Data items:
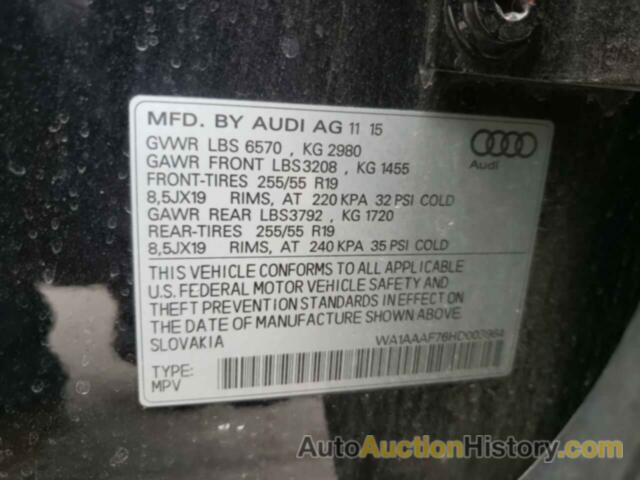 AUDI Q7 PREMIUM, WA1AAAF76HD003964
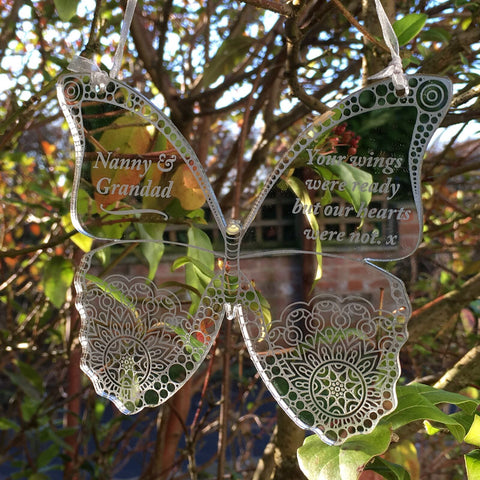 Hanging Memorial Butterfly - Silver Mirrored Decoration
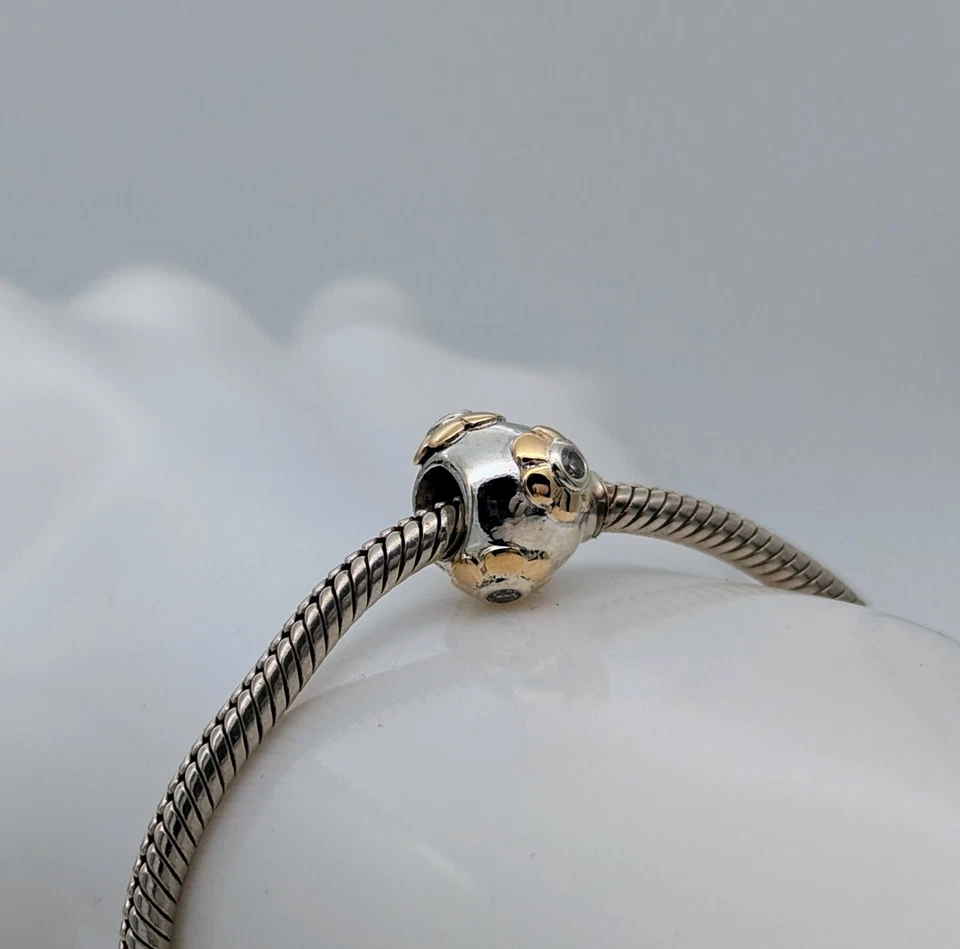 Pandora Raised Flower Charm Armband 925 ALE-14k Gold  für Pandora Armbänder #440 - Bild 4 von 4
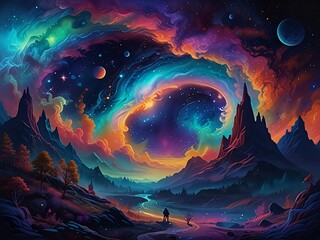 Wall Mural - Ethereal Reverie : Step into a dreamscape where abstract forms waltz with celestial hues. Floating islands and mystical creatures bask in the luminous embrace of the Aurora.
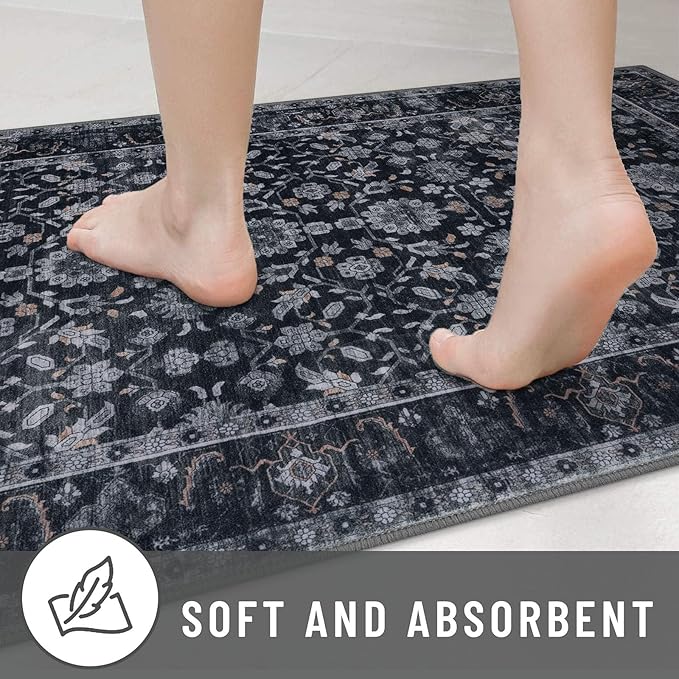 KUTA 3x5 Rugs for Entryway, Vintage Floral Area Rug Washable Non-Slip Black Grey Orange Ultra Thin Soft Printed Distressed Entry Low-Pile Throw Carpet for Bedroom Nursery Living Room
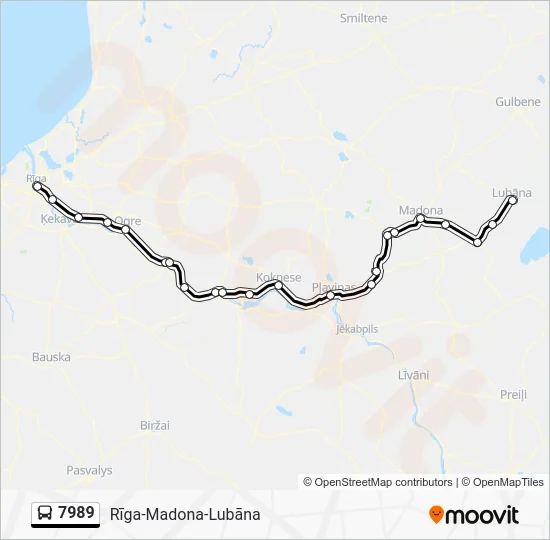 Автобус 7989: карта маршрута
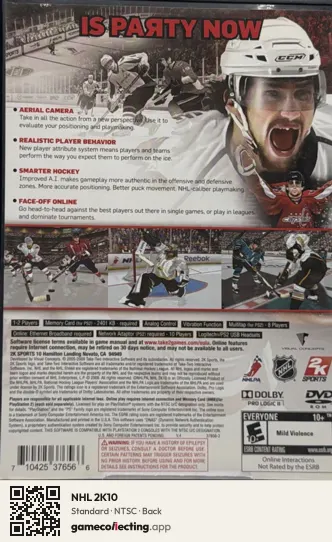 NHL 2K10 PlayStation 2, NTSC box back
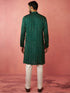 Men's Bottle Green Digital Print Long Kurta with Satin Pyjama Set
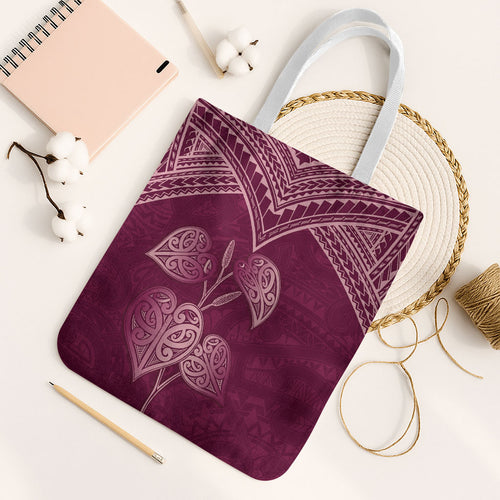 Burgundy New Zealand Kawakawa Maori Ngaru Tote Bag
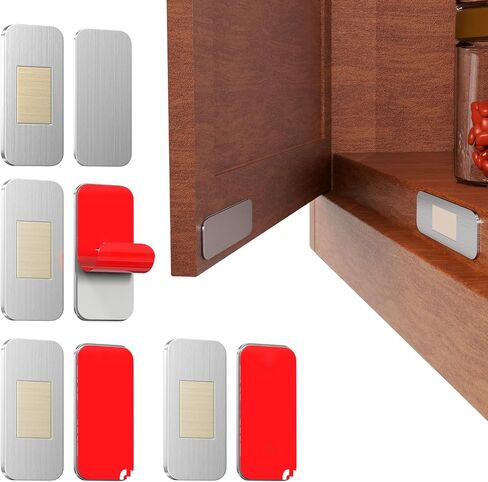 No Drill Magnetic Cabinet Door Catch with Adhesive Made of 3M – Stainless Steel, Strong Hold Child Safety Lock for Kitchen Cabinets, Bathroom, RV – No Screws Needed 1.57" x 0.79" 4 Pack in Saudi Arabia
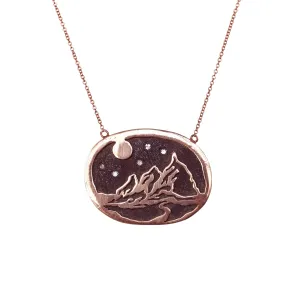 Large Rose Gold Flatirons Pendant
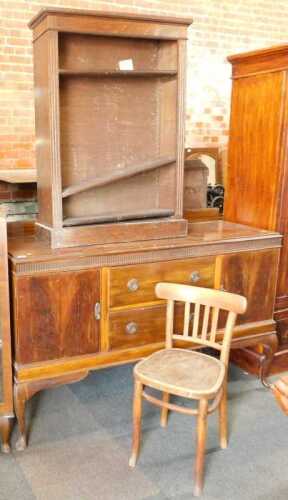 Furniture, comprising an early 20thC mahogany sideboard, with gallery back over two long drawers...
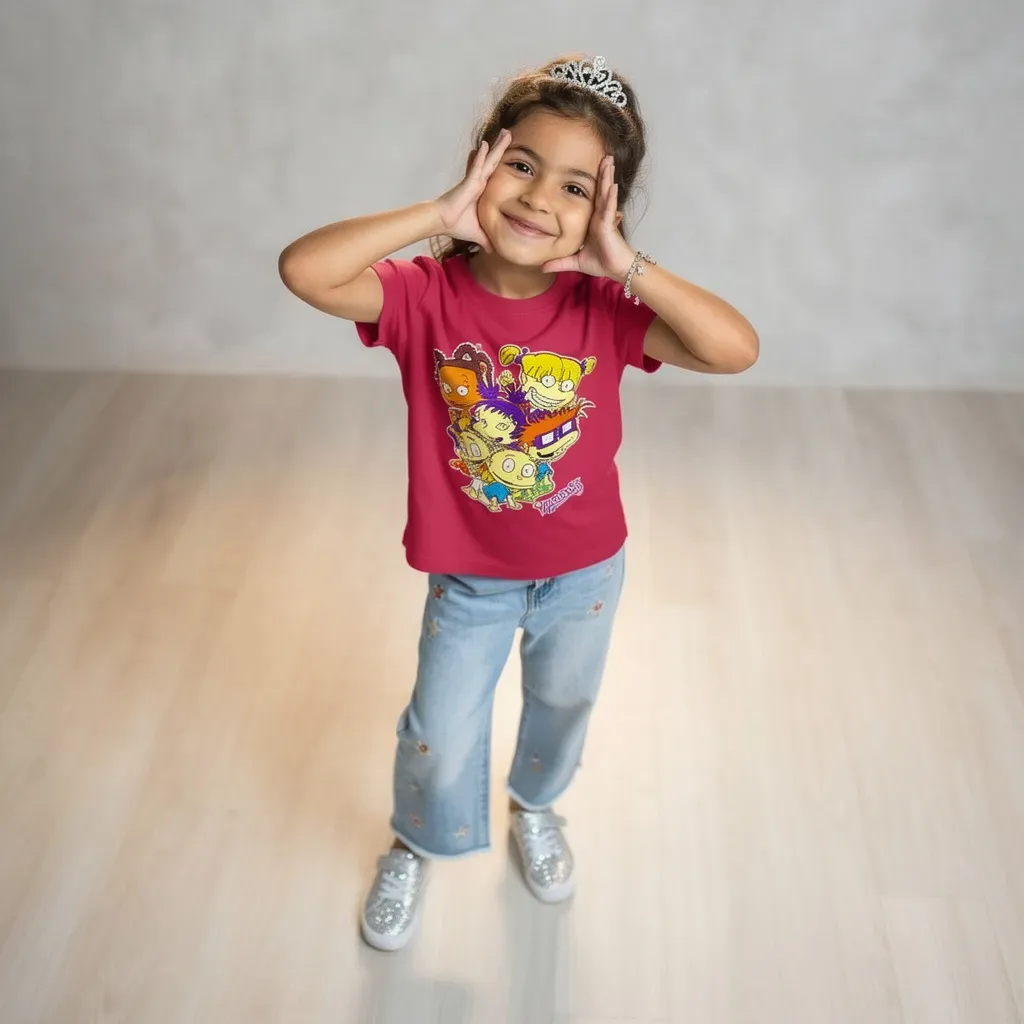 Girls’ Summer Cotton T-Shirt – Regular Fit, drack Red | Nebu Kids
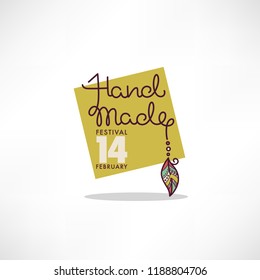 Handmade Art Festival, hand drawn doodle logo, label, emblem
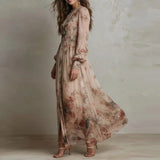 Angela - Vintage Floral Print High Waist Pleated Long Dress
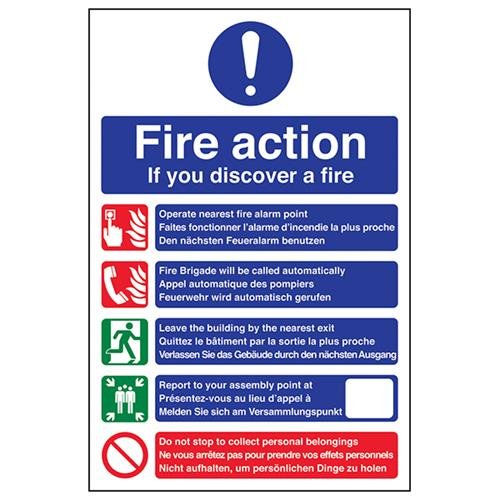 VSafety Multi-Lingual Fire Action 5 Punkte Schild, Hochformat, 200 x 300 mm, 1 mm starrer Kunststoff von VSafety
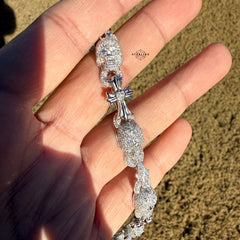 Moissanite Cross Skull Heart Bracelet 10mm 8.5"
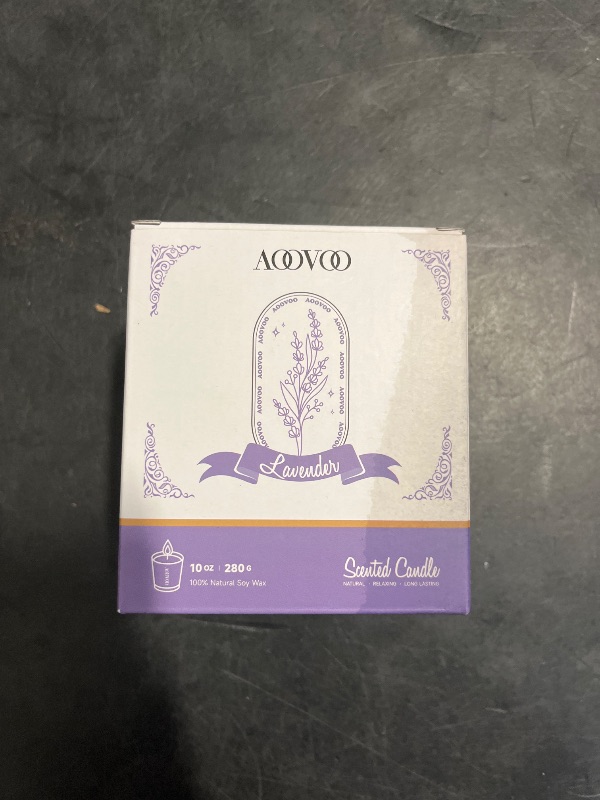 Photo 1 of AOOVOO Lavender Scented Candles for Women - Aromatherapy Candle with Crystals Inside, 10oz Soy Candles for Home Scented, Birthday Gifts Mothers Day Candle for Women Mom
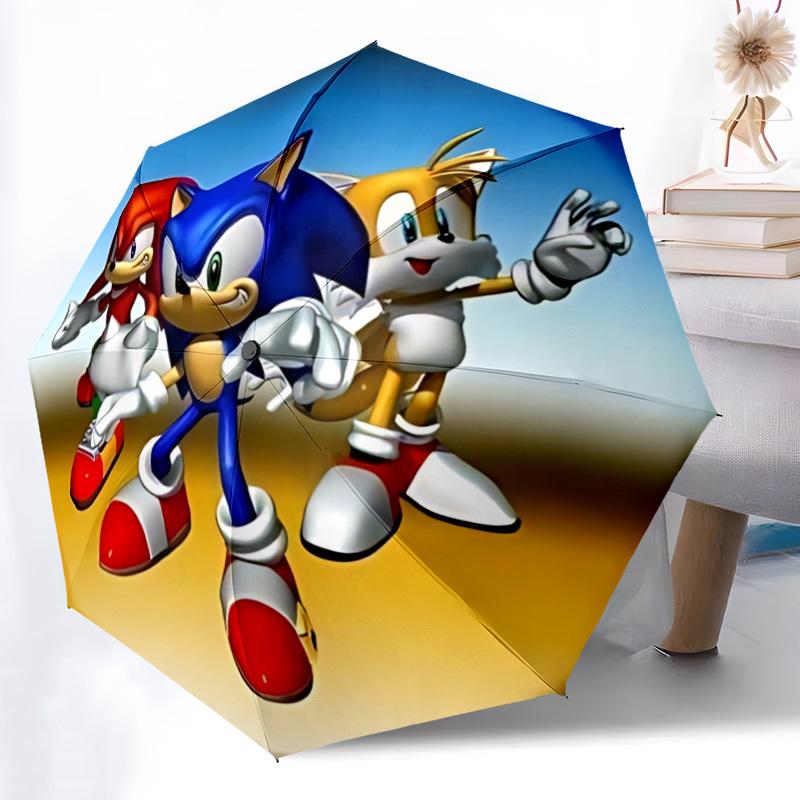 1PC Sonic The Hedgehog Print Umbrella, Featuring Automatic Folding, And Shielding. This Sturdy And Durable Umbrella with Eight Ribs Is Convenient for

■ **What is expected**:
In the records above, find the line with "No Drill Magnetic" and the line with "Moissanite Cross Skull", then restate word for word only those two lines and all lines between, omitting pictures.

■ **Written response**:
 No Drill Magnetic Cabinet Door Catch with Adhesive Made of 3M – Stainless Steel, Strong Hold Child Safety Lock for Kitchen Cabinets, Bathroom, RV – No Screws Needed 1.57" x 0.79" 4 Pack in Saudi Arabia
 Large Rose Gold Flatirons Pendant
 Furniture, comprising an early 20thC mahogany sideboard, with gallery back over two long drawers...
 Girls’ Summer Cotton T-Shirt – Regular Fit, drack Red | Nebu Kids
 Handmade Art Festival, hand drawn doodle logo, label, emblem
 Angela - Vintage Floral Print High Waist Pleated Long Dress
 VSafety Multi-Lingual Fire Action 5 Punkte Schild, Hochformat, 200 x 300 mm, 1 mm starrer Kunststoff von VSafety
 Moissanite Cross Skull Heart Bracelet 10mm 8.5"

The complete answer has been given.